Input for this task:
"""
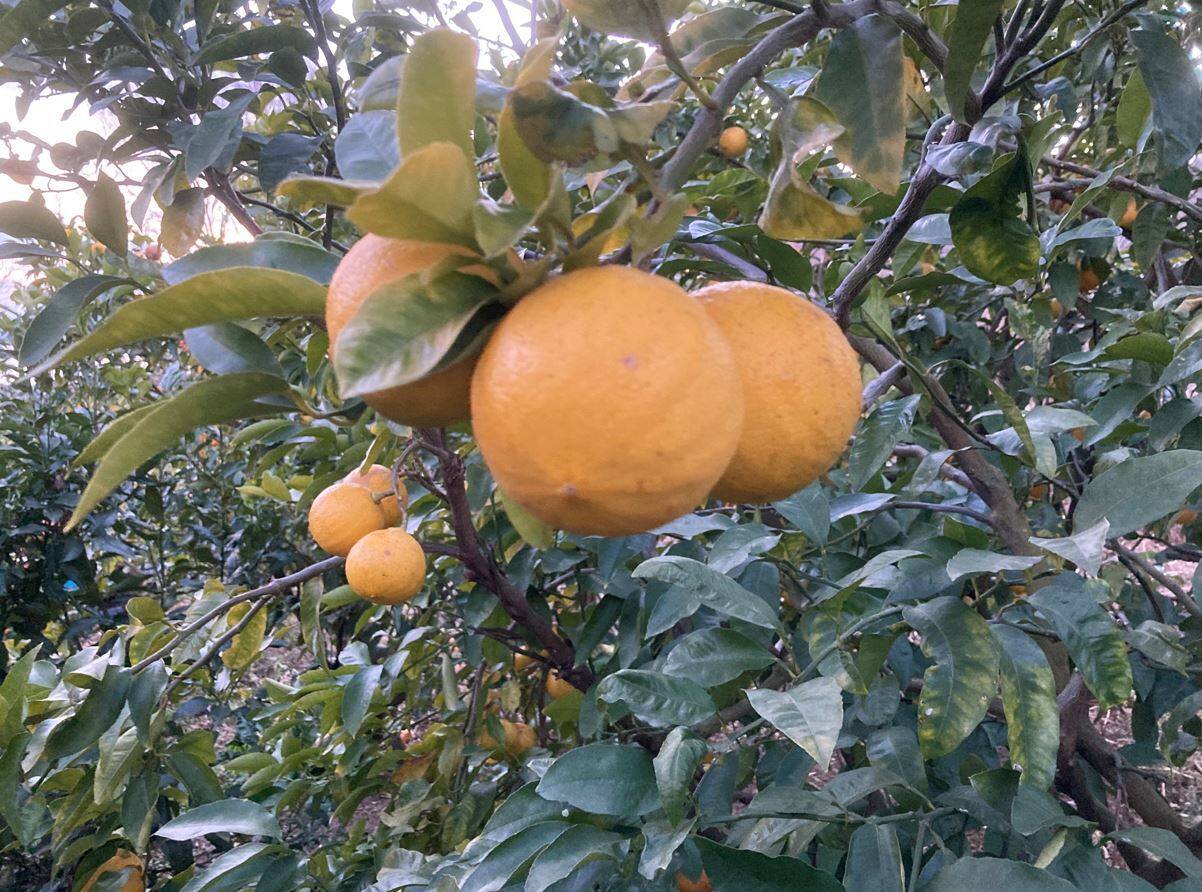 ベルガモット1kg 無薬 広島県産のみかん 柑橘類 食べチョク 産地直送 産直 お取り寄せ通販 農家 漁師から旬の食材を直送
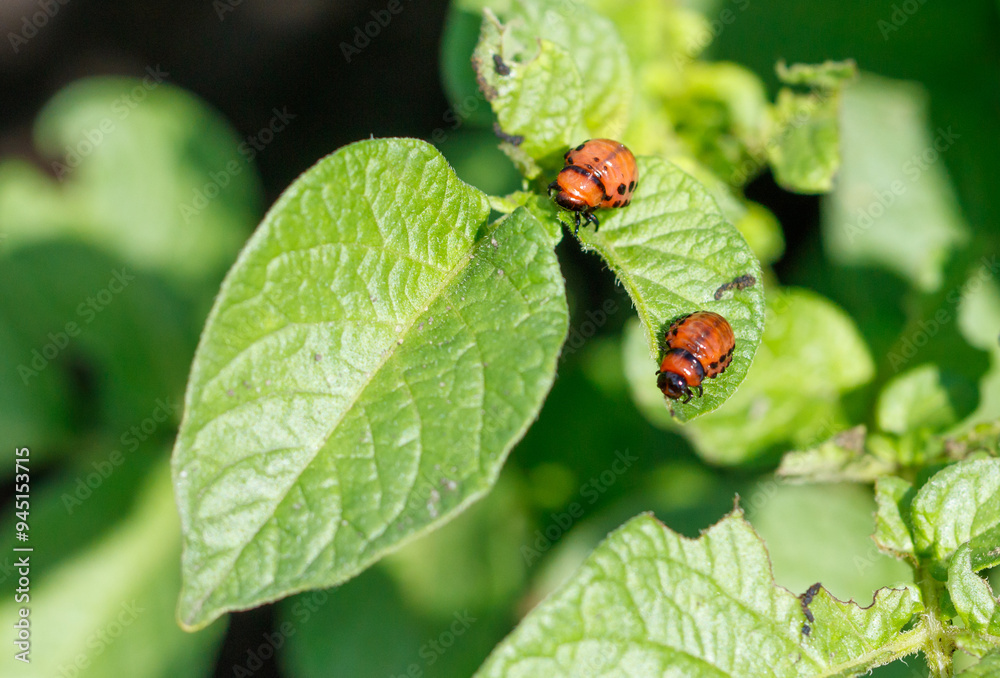 Colorado potato beetle on potato leaves. Close-up Colorado potato beetle on potato leaves. Close-up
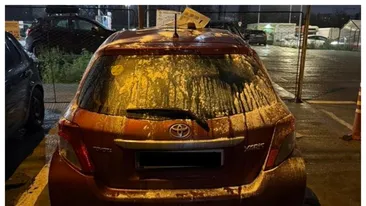 Cum s-a răzbunat o ieșeancă pe iubita ei infidelă: ”Cine e Sara, de ce m-ai înșelat?”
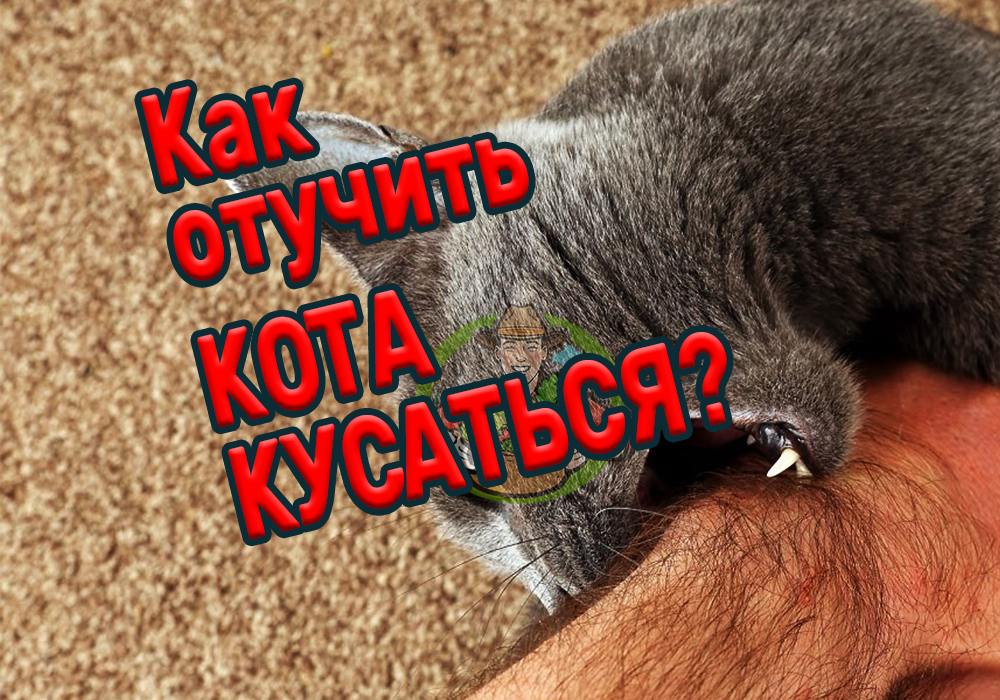 Кошка кусается без причины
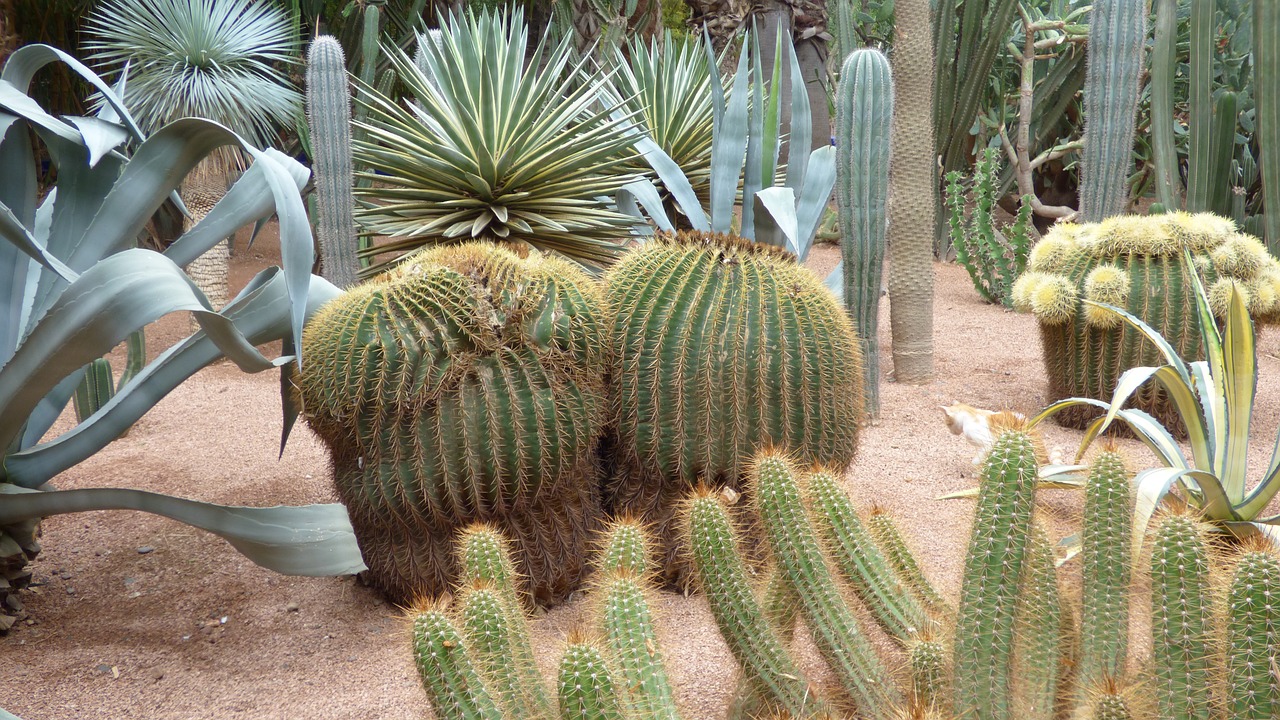 cactus marrakech plant free photo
"""
Problem description:
Set down the material word for word, and drop every picture from it.

Task response:
 ベルガモット1kg 無薬 広島県産のみかん 柑橘類 食べチョク 産地直送 産直 お取り寄せ通販 農家 漁師から旬の食材を直送
 Colorado potato beetle on potato leaves. Close-up Colorado potato beetle on potato leaves. Close-up
 Cum s-a răzbunat o ieșeancă pe iubita ei infidelă: ”Cine e Sara, de ce m-ai înșelat?”
 Кошка кусается без причины
 cactus marrakech plant free photo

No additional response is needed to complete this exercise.